= Milo Crispin =

Milo Crispin (died 1149?) was cantor of the Benedictine Abbey of Bec. He wrote the lives of five of its abbots: Lanfranc, Archbishop of Canterbury, Gulielmus de Bellomonte, Boso, Theobaldus, and Letardus.

==Biography and works==
His life of Lanfranc is printed in the Acta Sanctorum of the Bollandists (May 28). The other four (those of Theobaldus and Letardus being mere summaries) are included in the Patrologia Latina (Vol. CL).

Milo must have been an old man when he wrote them, for in the last chapter of his life of Lanfranc he relates something which he himself heard Anselm say. As Anselm died in 1109, and Letardus did not die till 1149, Milo Crispin shows here incidentally that his own religious life had lasted more than forty years.

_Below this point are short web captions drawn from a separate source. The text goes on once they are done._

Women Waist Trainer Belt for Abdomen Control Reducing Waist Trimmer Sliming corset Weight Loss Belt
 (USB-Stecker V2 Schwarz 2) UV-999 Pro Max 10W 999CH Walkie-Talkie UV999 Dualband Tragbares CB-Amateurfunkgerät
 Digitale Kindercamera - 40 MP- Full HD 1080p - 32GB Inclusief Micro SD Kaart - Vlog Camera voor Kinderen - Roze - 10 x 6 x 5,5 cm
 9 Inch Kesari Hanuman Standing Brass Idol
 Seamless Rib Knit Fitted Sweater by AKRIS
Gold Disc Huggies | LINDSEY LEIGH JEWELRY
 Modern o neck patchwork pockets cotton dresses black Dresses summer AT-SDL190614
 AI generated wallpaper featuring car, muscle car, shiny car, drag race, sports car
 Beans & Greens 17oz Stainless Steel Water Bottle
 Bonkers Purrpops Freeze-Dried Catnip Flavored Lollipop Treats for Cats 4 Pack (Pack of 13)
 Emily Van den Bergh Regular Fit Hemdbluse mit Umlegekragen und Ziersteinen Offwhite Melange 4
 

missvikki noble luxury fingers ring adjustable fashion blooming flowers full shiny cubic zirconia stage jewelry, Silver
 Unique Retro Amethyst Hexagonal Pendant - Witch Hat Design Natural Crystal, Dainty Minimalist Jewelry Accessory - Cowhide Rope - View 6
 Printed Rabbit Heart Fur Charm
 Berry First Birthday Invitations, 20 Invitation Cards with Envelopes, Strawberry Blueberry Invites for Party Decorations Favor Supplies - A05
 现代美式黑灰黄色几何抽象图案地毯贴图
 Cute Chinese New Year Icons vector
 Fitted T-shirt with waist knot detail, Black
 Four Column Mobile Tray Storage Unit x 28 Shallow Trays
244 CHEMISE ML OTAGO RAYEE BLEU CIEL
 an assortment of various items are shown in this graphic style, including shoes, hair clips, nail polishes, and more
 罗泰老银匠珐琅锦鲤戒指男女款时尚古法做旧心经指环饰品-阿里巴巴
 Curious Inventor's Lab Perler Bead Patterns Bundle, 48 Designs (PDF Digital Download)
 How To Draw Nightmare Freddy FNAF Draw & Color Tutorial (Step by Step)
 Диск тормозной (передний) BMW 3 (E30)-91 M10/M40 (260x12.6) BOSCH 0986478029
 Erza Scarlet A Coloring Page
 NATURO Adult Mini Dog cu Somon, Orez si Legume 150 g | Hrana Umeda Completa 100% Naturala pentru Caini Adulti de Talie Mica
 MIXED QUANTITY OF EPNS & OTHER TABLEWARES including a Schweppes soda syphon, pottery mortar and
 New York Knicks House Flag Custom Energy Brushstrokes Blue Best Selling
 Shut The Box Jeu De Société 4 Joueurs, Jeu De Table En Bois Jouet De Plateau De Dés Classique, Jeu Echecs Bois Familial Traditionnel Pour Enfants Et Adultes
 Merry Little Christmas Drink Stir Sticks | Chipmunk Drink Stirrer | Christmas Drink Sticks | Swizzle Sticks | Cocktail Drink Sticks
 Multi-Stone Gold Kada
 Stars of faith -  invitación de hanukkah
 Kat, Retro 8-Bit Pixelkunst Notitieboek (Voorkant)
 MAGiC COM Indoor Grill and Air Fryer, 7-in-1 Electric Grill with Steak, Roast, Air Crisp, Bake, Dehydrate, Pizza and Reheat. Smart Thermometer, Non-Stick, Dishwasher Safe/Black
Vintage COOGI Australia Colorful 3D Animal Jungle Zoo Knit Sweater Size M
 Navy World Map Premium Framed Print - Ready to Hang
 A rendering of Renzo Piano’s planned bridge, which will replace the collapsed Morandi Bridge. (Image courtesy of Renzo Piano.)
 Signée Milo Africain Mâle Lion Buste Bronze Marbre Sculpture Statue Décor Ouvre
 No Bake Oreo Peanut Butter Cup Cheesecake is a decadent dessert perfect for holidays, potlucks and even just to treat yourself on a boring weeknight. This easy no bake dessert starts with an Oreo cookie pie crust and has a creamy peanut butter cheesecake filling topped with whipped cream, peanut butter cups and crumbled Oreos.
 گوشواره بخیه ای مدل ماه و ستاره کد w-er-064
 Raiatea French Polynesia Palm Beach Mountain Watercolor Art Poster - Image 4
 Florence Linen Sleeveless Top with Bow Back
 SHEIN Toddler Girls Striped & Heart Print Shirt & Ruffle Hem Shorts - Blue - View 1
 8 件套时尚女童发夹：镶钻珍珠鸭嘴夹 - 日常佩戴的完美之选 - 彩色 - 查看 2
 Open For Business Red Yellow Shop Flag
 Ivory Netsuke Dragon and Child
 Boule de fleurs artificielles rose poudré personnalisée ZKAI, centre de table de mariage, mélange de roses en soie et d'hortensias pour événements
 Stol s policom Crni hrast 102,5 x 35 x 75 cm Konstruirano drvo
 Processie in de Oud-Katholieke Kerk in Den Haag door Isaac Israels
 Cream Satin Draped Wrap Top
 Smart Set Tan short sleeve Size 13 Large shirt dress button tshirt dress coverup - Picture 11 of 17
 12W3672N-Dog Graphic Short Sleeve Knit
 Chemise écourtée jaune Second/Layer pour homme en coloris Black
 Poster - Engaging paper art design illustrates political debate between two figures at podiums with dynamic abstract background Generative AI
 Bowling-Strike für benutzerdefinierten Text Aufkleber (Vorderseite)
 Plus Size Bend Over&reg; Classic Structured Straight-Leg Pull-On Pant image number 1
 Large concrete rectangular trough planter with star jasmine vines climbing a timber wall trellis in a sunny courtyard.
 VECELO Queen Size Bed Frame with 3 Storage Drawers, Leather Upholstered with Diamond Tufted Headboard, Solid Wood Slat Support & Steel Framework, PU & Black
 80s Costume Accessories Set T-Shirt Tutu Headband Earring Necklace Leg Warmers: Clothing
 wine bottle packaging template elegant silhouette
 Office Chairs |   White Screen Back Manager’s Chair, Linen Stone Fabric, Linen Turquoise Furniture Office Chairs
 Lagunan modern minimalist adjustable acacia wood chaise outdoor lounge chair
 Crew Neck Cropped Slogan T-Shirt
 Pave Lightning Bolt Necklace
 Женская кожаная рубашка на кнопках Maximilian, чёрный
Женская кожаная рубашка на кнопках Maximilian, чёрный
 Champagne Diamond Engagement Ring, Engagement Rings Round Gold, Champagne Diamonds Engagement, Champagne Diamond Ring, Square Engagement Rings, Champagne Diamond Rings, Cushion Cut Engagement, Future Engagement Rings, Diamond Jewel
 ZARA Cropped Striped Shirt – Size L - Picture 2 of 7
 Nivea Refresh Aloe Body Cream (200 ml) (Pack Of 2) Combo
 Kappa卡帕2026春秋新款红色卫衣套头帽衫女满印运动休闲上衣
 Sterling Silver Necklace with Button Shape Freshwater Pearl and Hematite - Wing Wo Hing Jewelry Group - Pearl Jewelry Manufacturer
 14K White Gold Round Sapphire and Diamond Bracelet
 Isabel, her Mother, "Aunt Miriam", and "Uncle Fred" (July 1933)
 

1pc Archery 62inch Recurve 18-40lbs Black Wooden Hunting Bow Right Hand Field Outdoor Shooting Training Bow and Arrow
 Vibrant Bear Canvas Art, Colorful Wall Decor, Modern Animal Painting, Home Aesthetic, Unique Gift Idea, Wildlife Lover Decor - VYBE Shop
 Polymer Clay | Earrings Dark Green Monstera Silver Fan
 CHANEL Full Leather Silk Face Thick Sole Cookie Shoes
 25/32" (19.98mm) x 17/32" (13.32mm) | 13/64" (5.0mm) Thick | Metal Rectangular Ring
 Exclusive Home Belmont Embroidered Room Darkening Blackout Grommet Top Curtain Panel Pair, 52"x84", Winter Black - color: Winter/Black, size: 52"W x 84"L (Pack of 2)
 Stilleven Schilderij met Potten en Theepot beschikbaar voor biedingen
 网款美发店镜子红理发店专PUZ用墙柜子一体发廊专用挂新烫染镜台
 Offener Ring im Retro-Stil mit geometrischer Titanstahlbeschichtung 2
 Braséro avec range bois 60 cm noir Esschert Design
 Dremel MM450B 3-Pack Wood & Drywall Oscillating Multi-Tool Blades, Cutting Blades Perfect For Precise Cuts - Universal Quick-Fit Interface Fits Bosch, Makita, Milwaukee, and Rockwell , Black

He came of the noble family of Crispin descended from the Neustrian, Gislebert, who first received the name Crispin because of his erect curly hair. All Gislebert's sons distinguished themselves, and the family proved generous benefactors to the Abbey of Bec. Two of his descendants subsequently became monks there: Gilbert, afterwards Abbot of Westminster, who wrote the life of Herluin of Bec, founder and first Abbot of Bec; and his brother Milo. No details of the latter's career have been preserved, nor is it known when he died.